DELİLLERİN DEĞERLENDİRİLMESİ VE GEREKÇE:
Dava, ayıplı ürün sebebi ile uğranılan zararın tespiti ve tahsili istemine dayalı belirsiz alacak davası olup, uyuşmazlık; davacı tarafından sipariş verilen kumaşlarda ayıp bulunup bulunmadığı, ayıp bulunması halinde niteliği (gizli veya açık ayıp) ve fire kapsamında değerlendirilebilip değerlendirilemeyeceği, tarafların sözleşme şartlarına ve ticari teamüllere uyup uymadığı, ayıplı olan ürünlere ilişkin davacı tarafından herhangi bir tespit veya inceleme yapılıp yapılmadığı, ayıplı ürünlerin atık değerinin bulunup bulunmadığı, davacı tarafı davalı taraftan alacağının olup olmadığı, olması halinde miktarı hususlarındadır.
Davalı vekilince tanık listesinin sunulduğu ve tanık dinlenilmesini istedikleri hususların bildirildiği görülmüş ise de tanık dinletmek istedikleri hususların malların ayıplı olmadığına, ayıplı olan birkaç malın ise tamir edildiğine ve davacı tarafın haksız reklamasyon keserek kendisin alacaklı çıkarmasının yerinde olmadığı konularına ilişkin olduğu belirtilmiş olmakla belirtilen hususların teknik inceleme sonucu tespit edilmesi gerektiğinden davacı vekilinin tanık dinlenilmesi talebinin reddine karar verilmiştir.
Mahkememizin 26/10/2021 tarihli celsesinde davacı tanığı ….’nın hazır olduğu, tanığın; “ben davacı firmada genel koordinatör ve kumaş satım alma müdürü olarak yaklaşık 4 yıldır çalışırım, kumaş siparişlerimiz üzerine kumaşlar bize teslim edildi, teslim aldığımız ürünleri kesime aldığımız sırada ürünlerde leke, sakat olduğunu tespit ettik, bunun üzerine ürünlerde ayıp olduğunu dair fotoğraf ve videoları davalı firma çalışanı …. isimli şahsa watsaptan ve mail yolu ile ayıpları tespit eder etmez bildirdim, kendisi bana ayıplı olan ürünlerin ayrılmasını ve kesime devam edilmesini, kendisinin hemen gelip ayıplı olan ürünleri kontrol edeceğini söyledi, kendisi geldi ve gördü, sonrasında …. isimli çalışan işten ayrıldı, ancak ayıplı olan ürünleri davalı firmanın gerekli işlemleri yapacağını bildirdi, o süreçte yapmış olduğumuz görüşmelerde bize ayıplı olan ürünlerinde kesilerek işlenmesi söylendi, ürünlerdeki ayıpların bir kısmı tamirle giderilebilecek nitelikte bir kısmı ise tamir edilerek giderilemeyecek nitelikteydi, bizim ayıplı olması nedeniyle davalıya firmaya teslim ettiğimiz ürünlerin bir kısmı da yine ayıplı olarak bize teslim edildi, bize teslim edilen ürünlerde ayıp bulunması sebebiyle fire farkı ortaya çıkıyordu” şeklinde beyanda bulunduğu anlaşıldı.

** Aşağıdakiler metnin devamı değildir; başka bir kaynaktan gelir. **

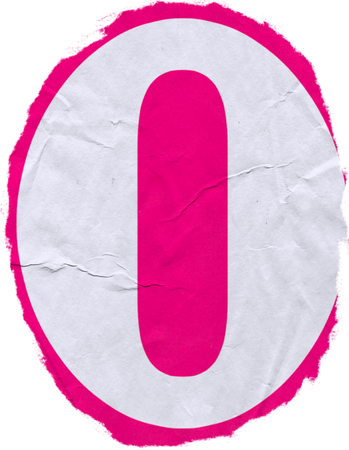 Vibrant Scanned Cutout Letter O
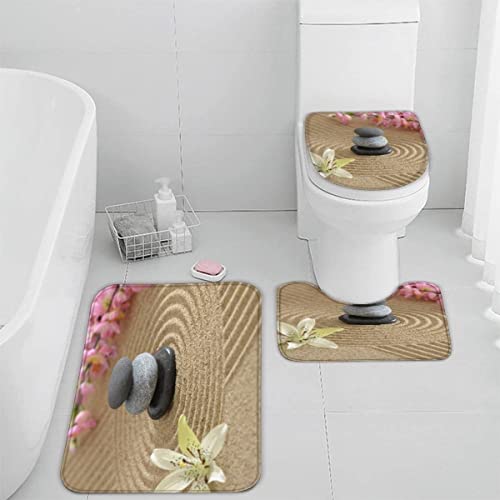 Badematten Set 3 teilig 50x80 Zen 3D Badezimmerteppich Set WC Vorleger Set rutschfeste Badematte...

Mahkememizin 26/10/2021 tarihli celsesinde davacı tanığı …’ın hazır olduğu, tanığın; “ben davacı firmada planlama sorumlusu olarak yaklaşık 2 yıldır çalışıyorum, biz siparişleri girdikten sonra mallar bize teslim edilmeye başlandı, ilk siparişten itibaren bir kısım hatalar ve eksik ürün teslim edildiği anlaşıldı, biz kalite kontrol yaptığımız sırada ürünlerde ayıplar olduğunu tespit ettik, bu ayıplar, leke, iplik kaçması, boya hatası gibi hatalardır, biz bunları tespit eder etmez davalı firma çalışanı …. isimli şahsa ayıp ihbarında bulunduk, ihbarları telefon yada mail ile yapıyorduk, ayıp bildirimini ayıpları tespit eder etmez yapıyorduk, davalı firma çalışanı ….’ye gönderilen maillerin bir kısmını ben gönderiyordum, çalışmış olduğum bölümlerde sorumlu kim ise maili o atardı. sipariş edilen malın miktarı konusunda davalı firma ile davacı firma arasında herhangi bir uyuşmazlık çıkmamıştır” şeklinde beyanda bulunduğu anlaşıldı.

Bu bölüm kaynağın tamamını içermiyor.